*WORK INSTRUCTION*: Produce exactly the lines from the one holding "XML / XML namespace / XML Schema" through the last line of the data below, with every picture left out.

*DATA FOR THE TASK*:
+ + + + +
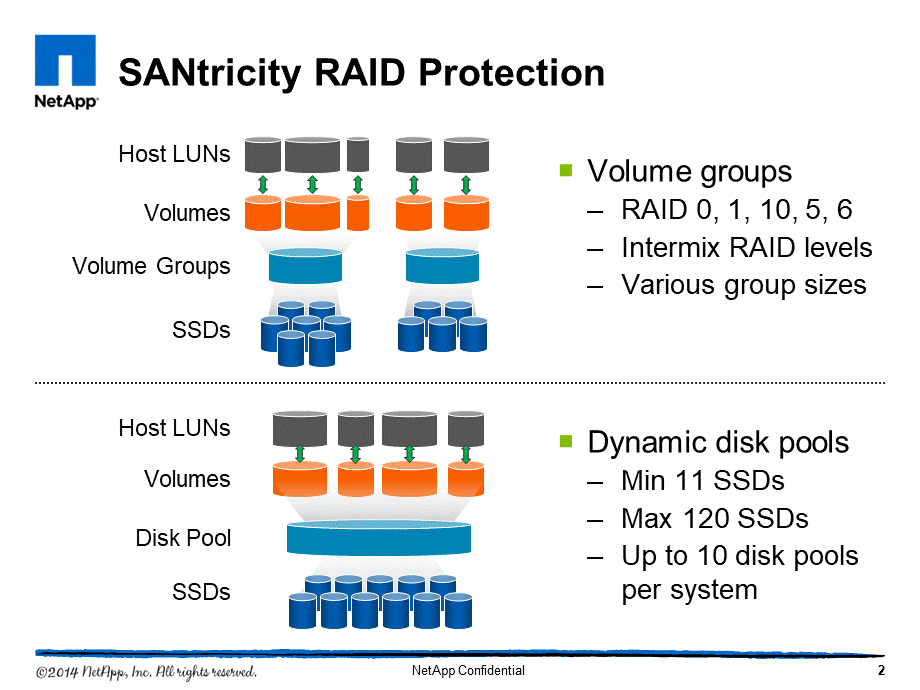 存储数据保护Raid技术DDP说明.pptx_第2页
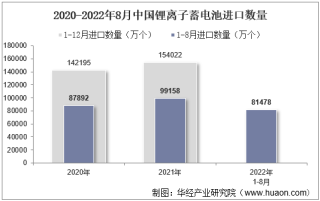 2022年8月中国锂离子蓄电池进口数量、进口金额及进口均价统计分析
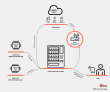 u-blox_AWS IoT ExpressLink _cloud_use-cases_rgb.png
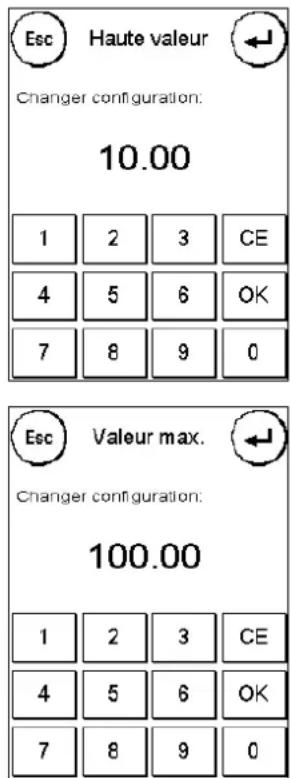 Frama Matrix F4 - Valeur max. - 2
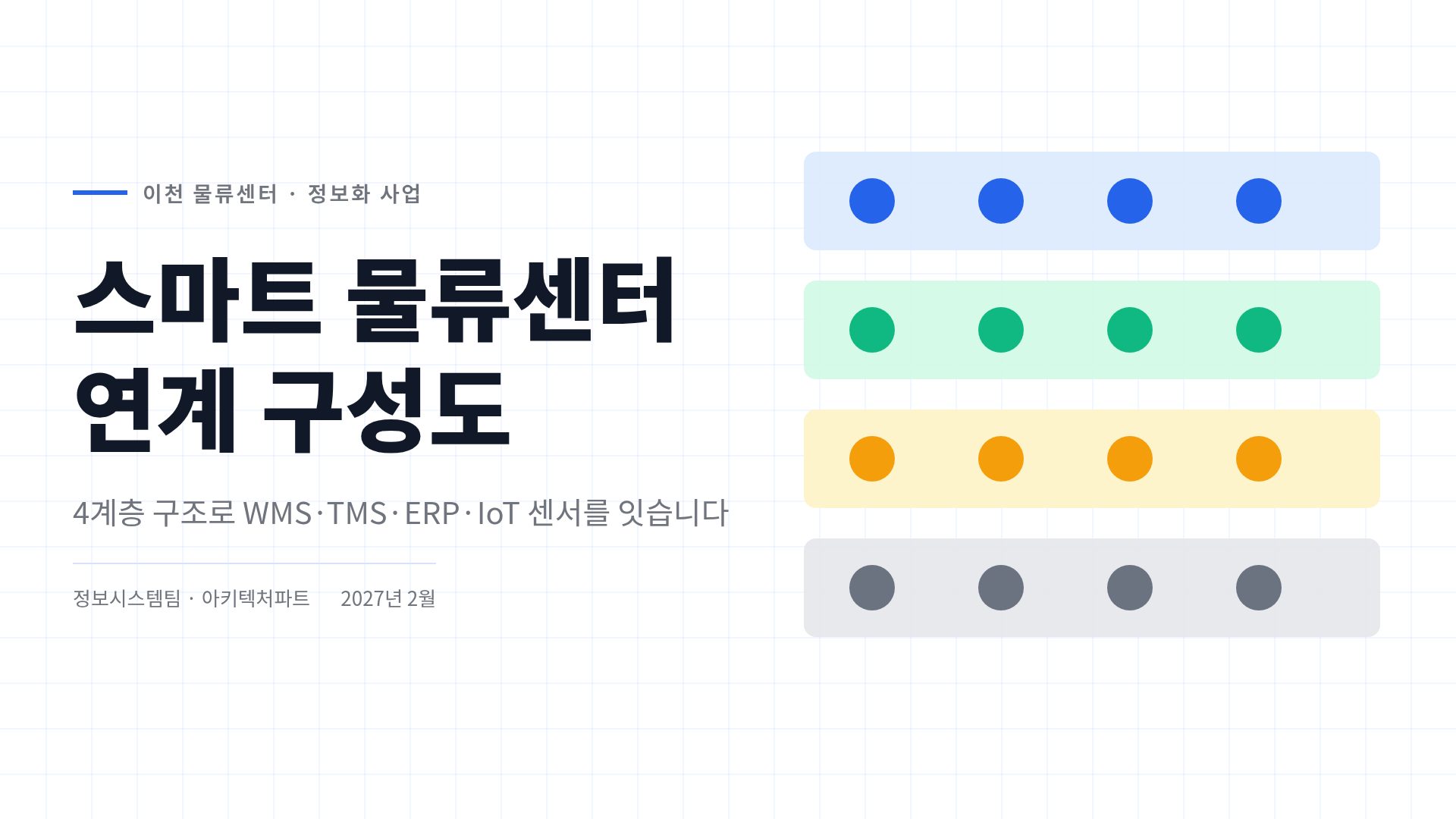 레이어 다이어그램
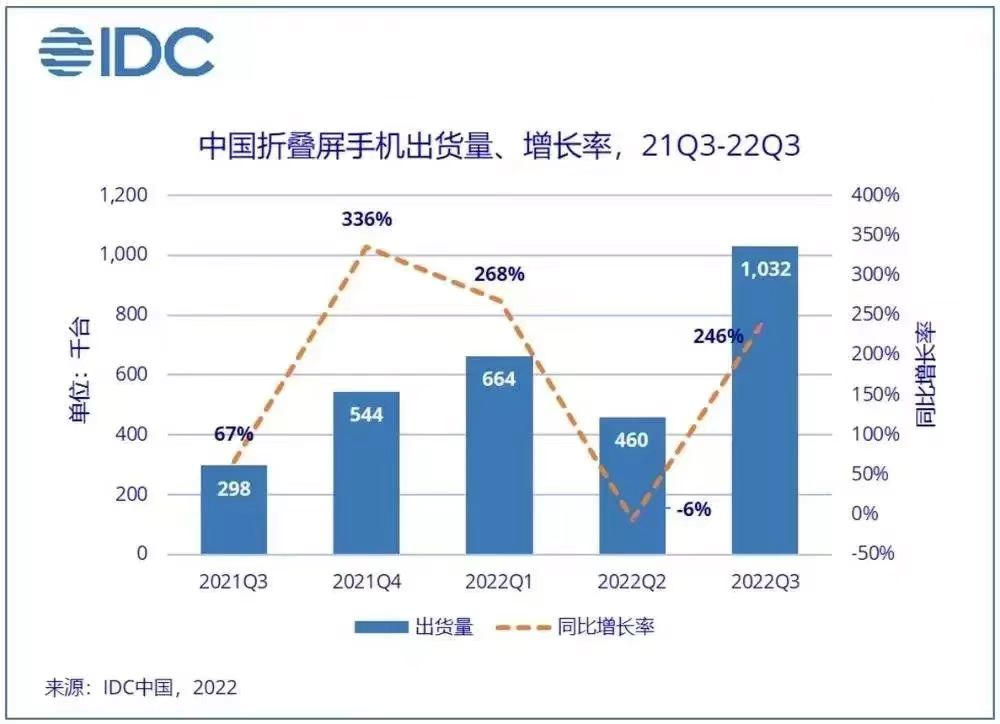 创新的手机_Pocket系列的创新设计如何改变手机使用习惯？_手机的创新改进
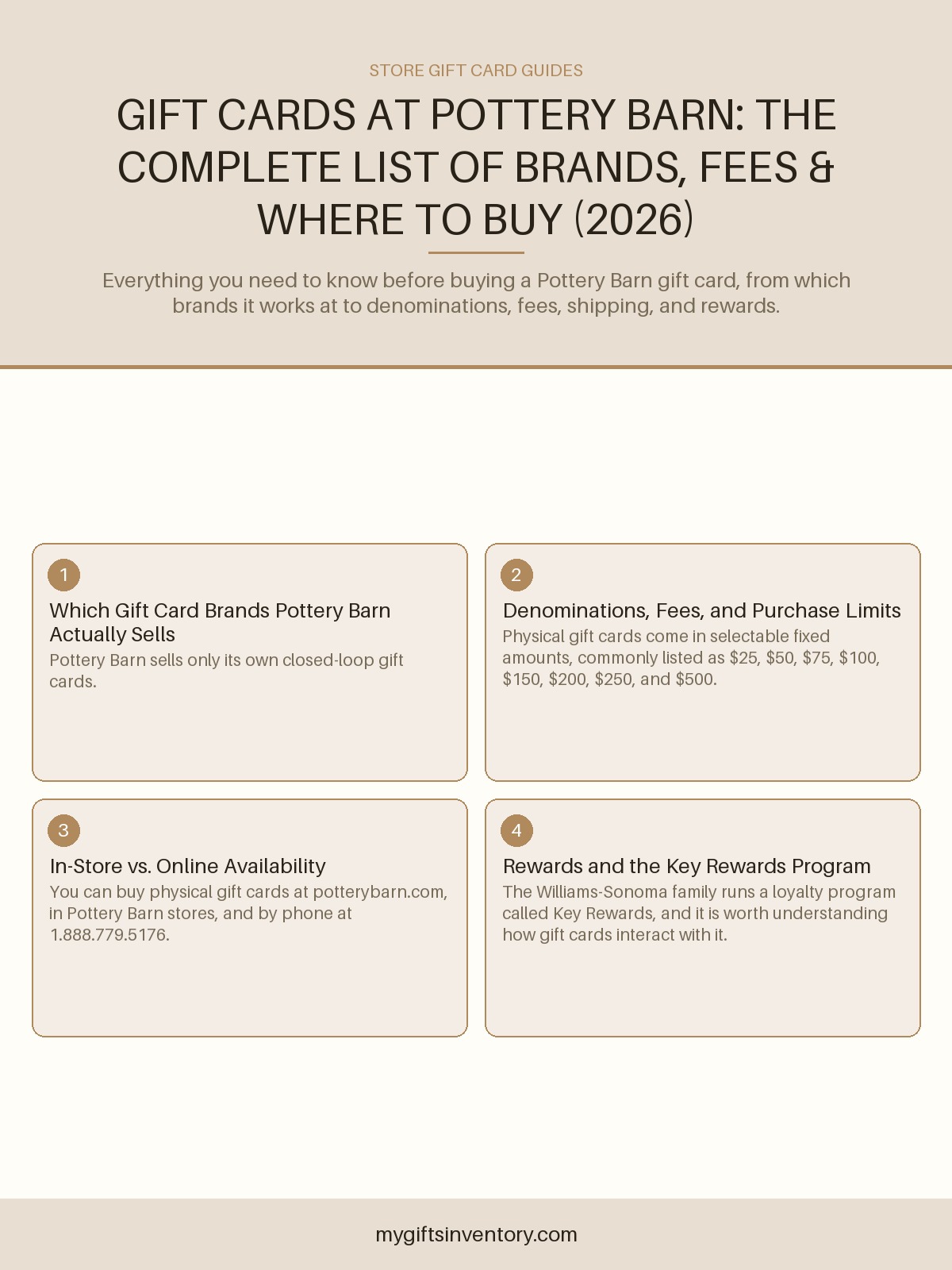 Gift Cards at Pottery Barn: The Complete List of Brands, Fees & Where to Buy (2026)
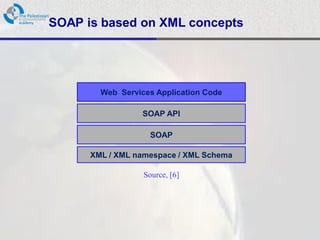 SOAP is based on XML concepts




        Web Services Application Code

                  SOAP API

                    SOAP

      XML / XML namespace / XML Schema

                  Source, [6]
 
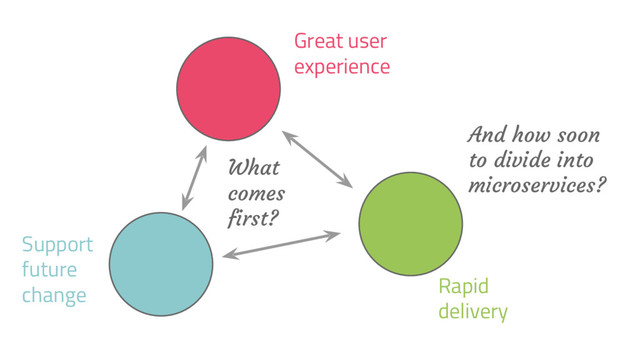 Great user
experience
Rapid
delivery
Support
future
change
What
comes
first?
And how soon
to divide into
microservices?
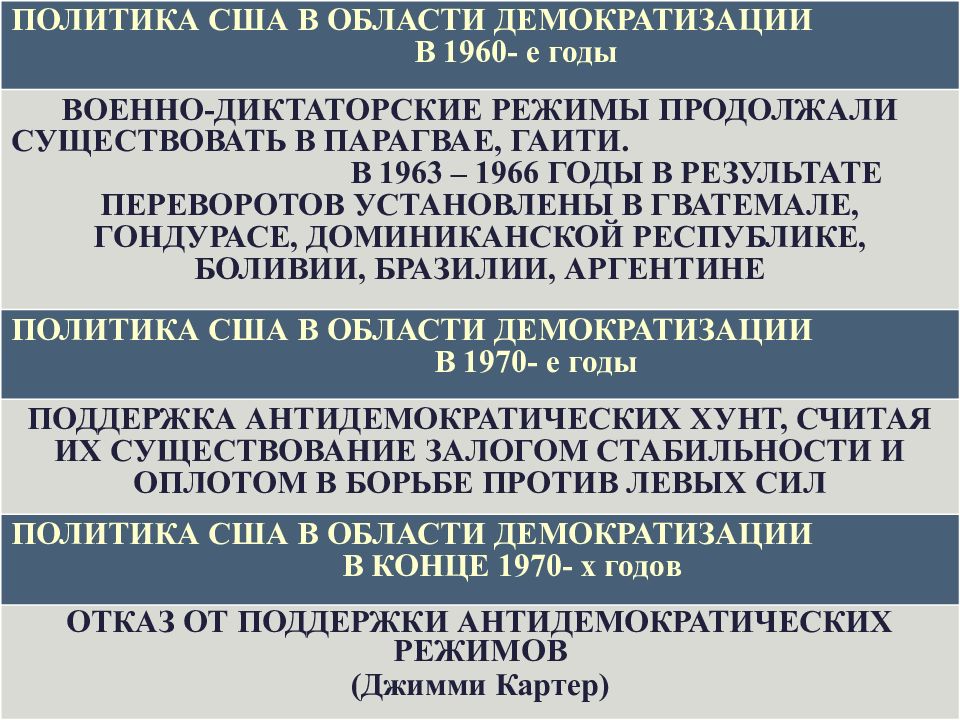 Страны латинской америки во второй половине 20 века начале 21 века презентация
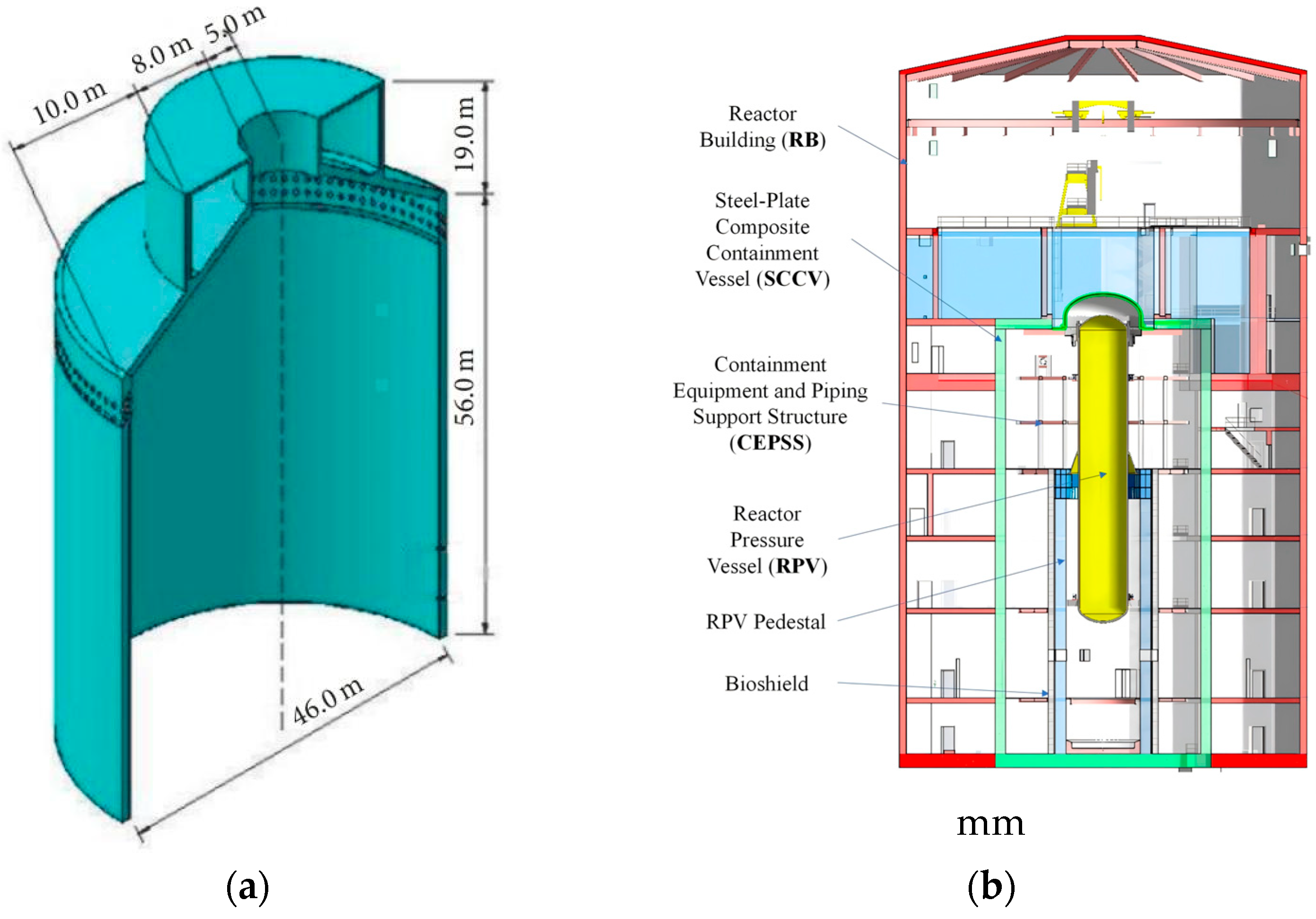 Buildings 14 02771 g004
+ + + + +
*ANSWER*:
      XML / XML namespace / XML Schema

                  Source, [6]
 
 Great user
experience
Rapid
delivery
Support
future
change
What
comes
first?
And how soon
to divide into
microservices?
 Страны латинской америки во второй половине 20 века начале 21 века презентация
 Buildings 14 02771 g004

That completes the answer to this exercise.